Zoe's Tale

“You are unharmed,” Hickory said, at some point. “You may get up.”

 

 

I stayed on the ground, not moving, eyes turned toward Hickory’s knife, buried in the ground so close to my head that I couldn’t actually focus on it. Then I propped myself up on my elbows, turned away from the knife, and threw up.

 

Hickory waited until I was done. “We offer no apology for this,” it said. “And will accept whatever consequences for it that you may choose. Know only this: You were not physically harmed. You are unlikely even to bruise. We made sure of this. For all of that you were at our mercy in seconds. Others who will come for you will not show you such consideration. They will not hold back. They will not stop. They will have no concern for you. They will not show you mercy. They will seek to kill you. And they will succeed. We knew you would not believe us if we only told you this. We had to show you.”

 

I rose to my feet, barely able to stay upright, and staggered back from the two of them as best I could. “God damn you,” I said. “God damn you both. You stay away from me from now on.” I headed back to Croatoan. As soon as my legs could do it, I started running.

 

“Hey,” Gretchen said, coming into the information center and sealing the inside door behind her. “Mr. Bennett said I could find you here.”

 

“Yeah,” I said. “I asked him if I could be his printer monkey a little more today.”

 

“Couldn’t keep away from the music?” Gretchen said, trying to make a little joke.

 

I shook my head and showed her what I was looking at.

 

“These are classified files, Zo?,” she said. “CDF intelligence reports. You’re going to get in trouble if anyone ever finds out. And Bennett definitely won’t let you back in here.”

 

“I don’t care,” I said, and my voice cracked enough that Gretchen looked at me in alarm. “I have to know how bad it is. I have to know who’s out there and what they want from us. From me. Look.” I took the PDA and pulled a file on General Gau, the leader of the Conclave, the one who ordered the destruction of the colony on the video file. “This general is going to kill us all if he finds us, and we know next to nothing about him. What makes someone do this? Killing innocent people? What happened in his life that gets him to a place where wiping out entire planets seems like a good idea? Don’t you think we should know? And we don’t. We’ve got statistics on his military service and that’s it.” I tossed the PDA back on the table, carelessly, alarming Gretchen. “I want to know why this general wants me to die. Why he wants us all to die. Don’t you?” I put my hand on my forehead and slumped a little against the worktable.

 

“Okay,” Gretchen said, after a minute. “I think you need to tell me what happened to you today. Because this is not how you were when I left you this afternoon.”

 

I glanced over at Gretchen, stifled a laugh, and then broke down and started crying. Gretchen came over to give me a hug, and after a good long while, I told her everything.
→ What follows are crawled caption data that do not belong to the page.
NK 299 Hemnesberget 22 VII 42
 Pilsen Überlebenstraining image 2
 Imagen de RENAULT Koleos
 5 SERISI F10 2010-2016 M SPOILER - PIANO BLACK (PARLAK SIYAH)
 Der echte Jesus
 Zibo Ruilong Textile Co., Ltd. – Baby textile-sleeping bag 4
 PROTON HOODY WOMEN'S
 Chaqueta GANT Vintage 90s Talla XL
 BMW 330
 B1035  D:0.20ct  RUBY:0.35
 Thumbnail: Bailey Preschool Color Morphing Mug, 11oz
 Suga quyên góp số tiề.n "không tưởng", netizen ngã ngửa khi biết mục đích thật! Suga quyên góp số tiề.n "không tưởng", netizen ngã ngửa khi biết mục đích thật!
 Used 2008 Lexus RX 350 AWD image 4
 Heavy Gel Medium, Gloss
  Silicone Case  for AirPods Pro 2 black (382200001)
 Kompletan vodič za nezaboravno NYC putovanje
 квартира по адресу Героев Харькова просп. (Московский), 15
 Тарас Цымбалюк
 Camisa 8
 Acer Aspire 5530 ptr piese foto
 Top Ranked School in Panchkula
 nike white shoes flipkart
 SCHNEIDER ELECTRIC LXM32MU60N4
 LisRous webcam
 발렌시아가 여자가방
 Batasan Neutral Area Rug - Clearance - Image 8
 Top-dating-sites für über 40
And I do mean everything.

 

She was quiet after I had unloaded. “Tell me what you’re thinking,” I said.

 

“If I tell you, you’re going to hate me,” she said.

 

“Don’t be silly,” I said. “I’m not going to hate you.”

 

“I think they’re right,” she said. “Hickory and Dickory.”

 

“I hate you,” I said.

 

She pushed me lightly. “Stop that,” she said. “I don’t mean they were right to attack you. That was just over the line. But, and don’t take this the wrong way, you’re not an ordinary girl.”

 

“That’s not true,” I said. “Do you see me acting any different than anyone else? Ever? Do I hold myself out as someone special? Have you ever once heard me talk about any of this to people?”

 

“They know anyway,” Gretchen said.

 

“I know that,” I said. “But it doesn’t come from me. I work at being normal.”

 

“Okay, you’re a perfectly normal girl,” Gretchen said.

 

“Thank you,” I said.

 

“A perfectly normal girl who’s had six attempted assassinations,” Gretchen said.

 

“But that’s not me,” I said, poking myself in the chest. “It’s about me. About someone else’s idea of who I am. And that doesn’t matter to me.”

 

“It would matter to you if you were dead,” Gretchen said, and then held her hand up before I could respond. “And it would matter to your parents. It would matter to me. I’m pretty sure it would matter to Enzo. And it seems like it would matter a whole lot to a couple billion aliens. Think about that. Someone even thinks about coming after you, they bomb a planet.”

 

“I don’t want to think about it,” I said.

 

“I know,” Gretchen said. “But I don’t think you have a choice anymore. No matter what you do, you’re still who you are, whether you want to be or not. You can’t change it. You’ve got to work with it.”

 

“Thanks for that uplifting message,” I said.